Given that for a node of degree $k$, if nothing has been deleted below it, it will have $2^k$ nodes, we can calculate the maximum number of nodes in a heap of max degree $k$.
\begin{align*}
    &N = \sum_{d=0}^{k} \; d^2 \\
    &\therefore \; k \leq \lfloor\log_2(N)\rfloor
\end{align*}
Substituting  $D_{max}(N)$ back in for $k$:
$$
D_{max}(N) \leq \lfloor\log_2(N)\rfloor.
$$

# Part e

Let $N_k$ denote the number of nodes in a *maximally decreased* tree of degree $k$.
By definition, a node of degree $k$ must have exactly $k$ children. By the rules of Fibonacci heaps and binomial trees, each of these children are subtrees with their own degrees.
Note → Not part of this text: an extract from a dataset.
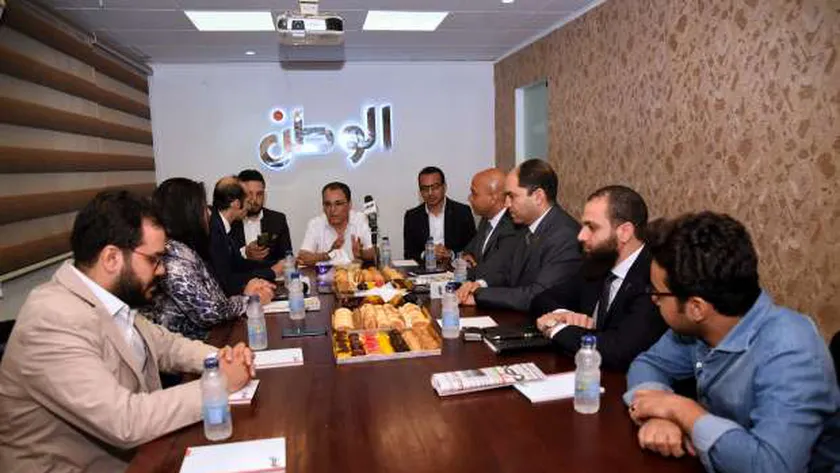 أعضاء «التنسيقية» خلال ندوة «الوطن»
By looking at the maximally decreased trees shown in Figure 1 on the assignment sheet, it can be seen that the number of nodes in a tree follows the Fibonacci sequence.
This is evident from the fact that $N_0$, $N_1$, $N_2$ and $N_3$ are 1, 2, 3 and 5 nodes respectively. This also holds true for $N_4$ which has 8 nodes.

Let $F_n$ represent the $n^{\text{th}}$ number in the Fibonacci sequence, defined in the same way as Figure 1 in the assignment sheet. (*i.e.* $F_0 = 0$, $F_1 = 1$, $F_2 = 1$ etc\ldots)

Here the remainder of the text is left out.